Eventually, I transitioned to working at churches, which I was still doing at the beginning of 2023. The church is an environment in which there is almost constant debate about what women, in general, should aspire to, and specifically about whether there should be limits to the positions or levels of authority women in church leadership are “allowed” to hold. Even if you work in a church where that debate has been settled, it’s almost impossible to be a woman and not run into this debate about what we should want to achieve.

At this point, I don’t know if I’ll ever figure out what my “career” is. I don’t know if I’ll ever have a fancy title or be someone’s boss again. I don’t know if I’ll ever go to grad school or have fancy letters after my name. I graduated from college 13 years ago, but I’m still learning to stop defining my life that way.

Living in the age of social media hasn’t eased this tension at all. In fact, I feel it more. Now, it seems anyone can be an influencer. With enough hard work, anything can become an income-generating career path–parenting, organizing, shopping, crafting, reading, exercising, or even putting on your make-up. If you’re willing to put it on social media, anything is possible. On the one hand, yay for more career opportunities for women! On the other hand, “anything is possible” is exhausting.

When I chose “enough” as my word of the year, I wasn’t really thinking about ambition. But to be ambitious implies a constant desire for more, bigger, and better. The dictionary definition emphasizes that ambition is usually about distinction, power, status, fame, and money. 

The internet plays tricks on us–TikTok psychologists and Instagram poets remind us that none of that will bring true satisfaction or meaning to our lives, but scroll a little further down and we get bombarded by advertisements and gurus who insist that just one more Amazon purchase, one more class, or one more goal will make us who we want to be. 

But what if we redefined ambition? What if we aspired to more love, more fun, more joy, and more contentment? 

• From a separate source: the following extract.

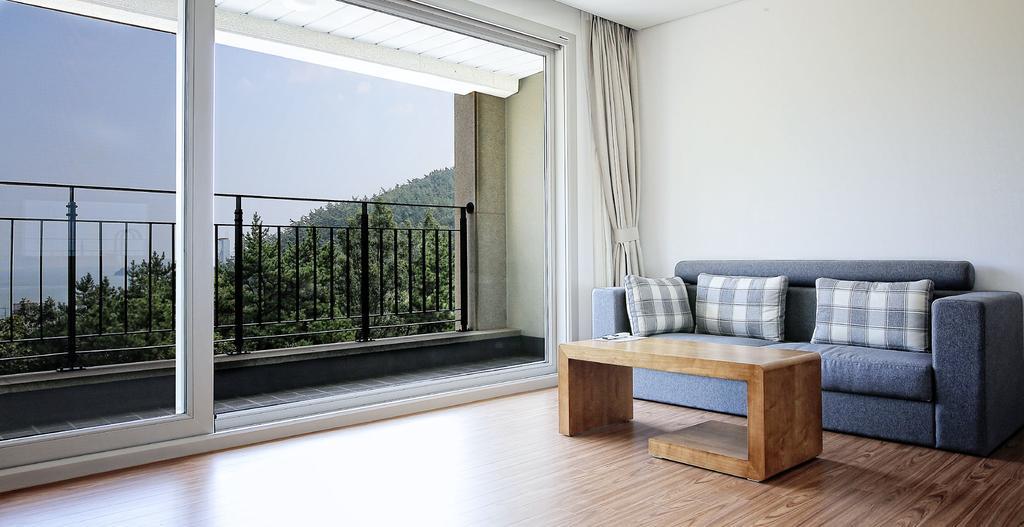 Lapis Hotel Намхе Екстериор снимка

I recently read a post about burnout from Anne Helen Peterson. (Thanks to fellow Indy Moms writer Lauren Palmer for forwarding it to me!) In it, Peterson writes about the three different areas that contribute to burnout: societal problems, workplace culture, and individual problems. I’m not working in a traditional full-time job anymore, so workplace culture doesn’t apply a whole lot to me these days. I could talk about society’s problems all day, and I don’t want to diminish their importance, especially for marginalized groups. But the reality is that these days, my own individual thinking contributes A LOT to my feelings of burnout and discontent. Until I began trying to define ambition differently, I could not shake the feeling that I needed to be doing more, achieving more, and “contributing” to the world in some bigger or different way.

In another post, Peterson interviews and quotes author Rainesford Stauffer, who says: “To me, if we really break it down, a lot of ambition is where we put dedication, care, and passion. That could be how we’re of service to other people, how we show up as a friend, and how we invest in what we love, whether it’s a community or a hobby. I think contributing, healing, and caring are ambitious. I’ve found there is so much for me to be ambitious about, way beyond the context of accomplishment.”

I want to be more kind and more generous as I get older. I aspire to get enough rest and not fear big feelings. I want to spend more time on my hobbies and encourage others to do the same. I aim to enjoy the time I spend with my family without cramming it with one million activities. And I want to live in such a way that all of this becomes more possible for other people, too. 

Ultimately, I want to be a more loving person–I want to love God, myself, my friends, my family, my community, and the world in ever-increasing measure. That’s a definition of “ambition” I can get behind.